For a relevant diagnosis, the levels of the biomarkers in the pathologic cases are correlated always with information from the genetic analyses and the enzymatic tests. This helps in confirming the diagnosis (Gaucher and Fabry disease) or to perform a differential diagnosis for Niemann-Pick disease type A/B or C. For some diseases, analyses are performed stepwise, the enzymatic assay is used as screening methods, and, for the pontential patients, it is followed by biomarker quantification and by genetic confirmation.

Although we established classical fluorimetric and spectrophotometric methods available. The detection method of choice is mass spectrometry, more precisely high-resolution multiple reaction monitoring mass spectrometry (high-resolution MRM-MS). MRM-MS, in combination with liquid chromatography, provides high specificity, selectivity, precise quantification of the enzymatic products or of the biomarkers, and requires a minimal amount of biological sample (mainly dried blood spots).

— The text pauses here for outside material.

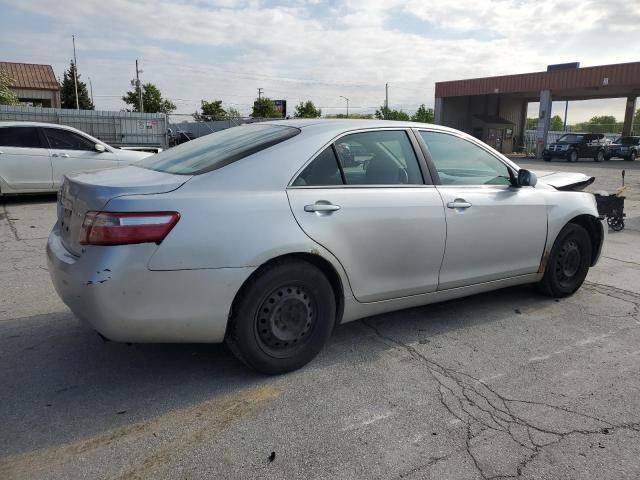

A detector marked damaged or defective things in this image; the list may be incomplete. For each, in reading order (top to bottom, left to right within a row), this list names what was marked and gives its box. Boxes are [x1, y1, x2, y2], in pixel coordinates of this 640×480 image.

crack in pavement [360, 314, 640, 478]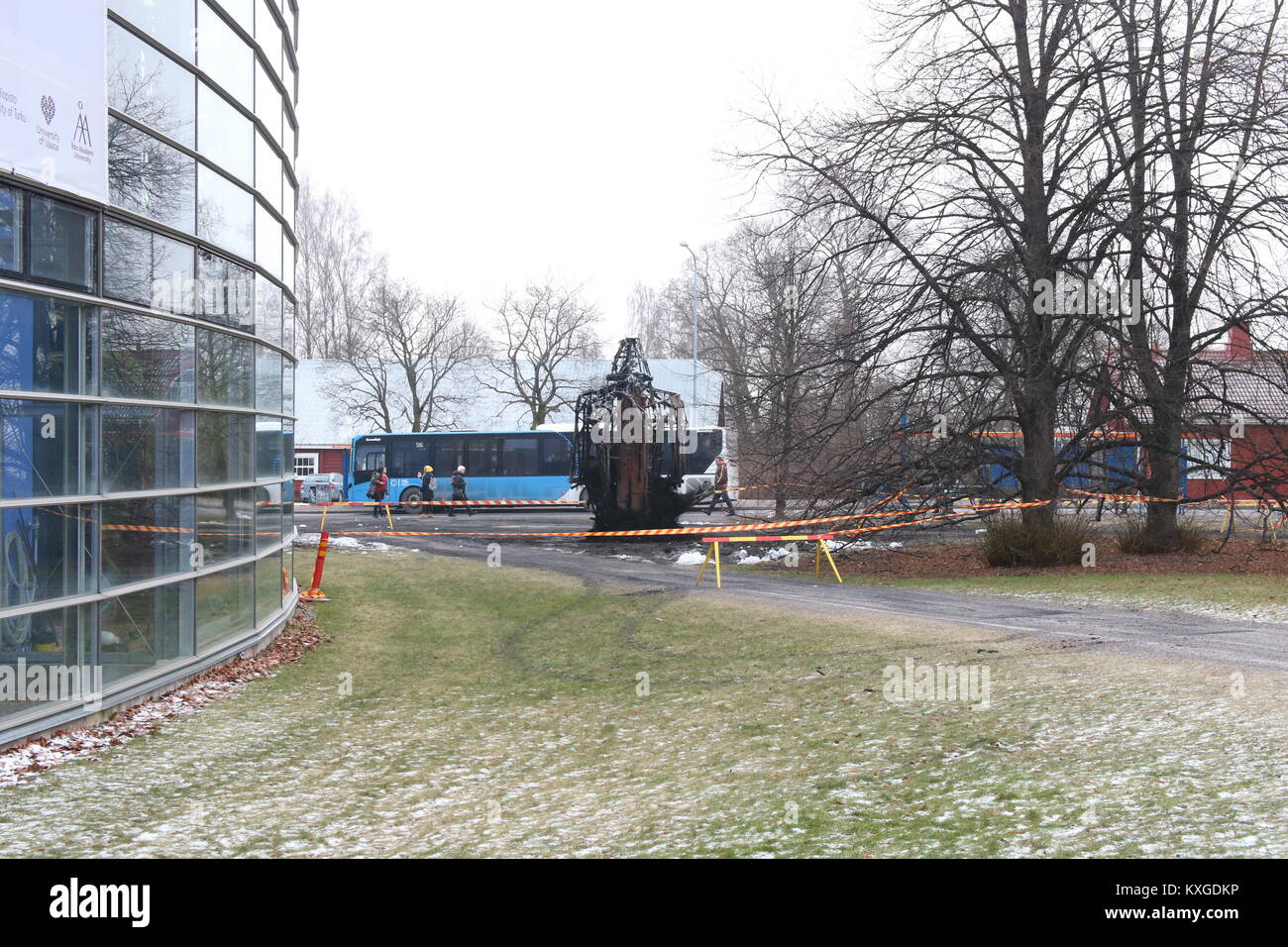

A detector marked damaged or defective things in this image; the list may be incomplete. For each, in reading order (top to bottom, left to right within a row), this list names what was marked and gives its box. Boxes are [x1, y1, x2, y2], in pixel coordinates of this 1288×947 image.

burned sculpture [572, 340, 696, 533]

(i.) Determination of enzymatic activity

To determine the enzymatic activity of a biological sample, a small amount of enzyme is extracted from the biological sample (dried blood spots, EDTA blood, leukocytes, fibroblasts) and incubated with a synthetic substrate in conditions that mimic the biology of the enzymatic reaction. The product of the enzymatic assay is detected by different analytical methods such as mass spectrometry, fluorimetry or photometry.

CENTOGENE adapted existing methods and has developed entire new methods for the determination of the enzyme activity in biological samples from patients suffering from lysosomal storage disease such as: Gaucher, Fabry, Farber, Niemann-Pick A/B, Pompe, mucopolysaccharidosis (MPS) 1, MPS 2, MPS 3b, MPS 4A, MPS 4B, MPS 6, metachromatic leukodystrophy (MLD), Wolman.

Each of the biochemical analyses performed in our laboratory require a specific biological material (e.g. blood, leucocytes, protein extract, plasma), but by using protocols developed in our laboratory and techniques capable to quantify in very low amounts of sample ( e.g. mass spectrometry) we adapted most of our assays for the usage of dried blood spots of filter cards (CentoCard®). This enables our clients to send samples easily, at room temperature and at low cost, from any location in the world.

(ii.) Biomarkers quantification

A biomarker is an endogenous molecule linked to clinical manifestation or outcome, that can be reliably quantified, is present in easily accessible clinical samples, realistically reflects burden of the disease, reflects therapeutic measures and elucidates molecular pathogenesis of the disease. Elevated levels of biomarkers in patients are the (direct or indirect) consequence of impaired enzyme/transport protein function, and the severity of the symptoms is in all known cases directly related to their concentration in the tissues. Using mass spectrometry we are able to detect these biomarkers either in dried blood spots or in plasma.

At CENTOGENE, biomarkers quantification methods were developed for the diagnosis, prognosis and treatment evaluation (e.g. enzyme replacement therapy) for the following diseases: Fabry, Gaucher, Farber and Niemann-Pick disease type A/B and C. Moreover, we are continuously working on developing and validating new biomarkers for the diagnosis of lysosomal storage disease. Currently, we have in our pipeline a new biomarker for metachromatic leukodystrophy.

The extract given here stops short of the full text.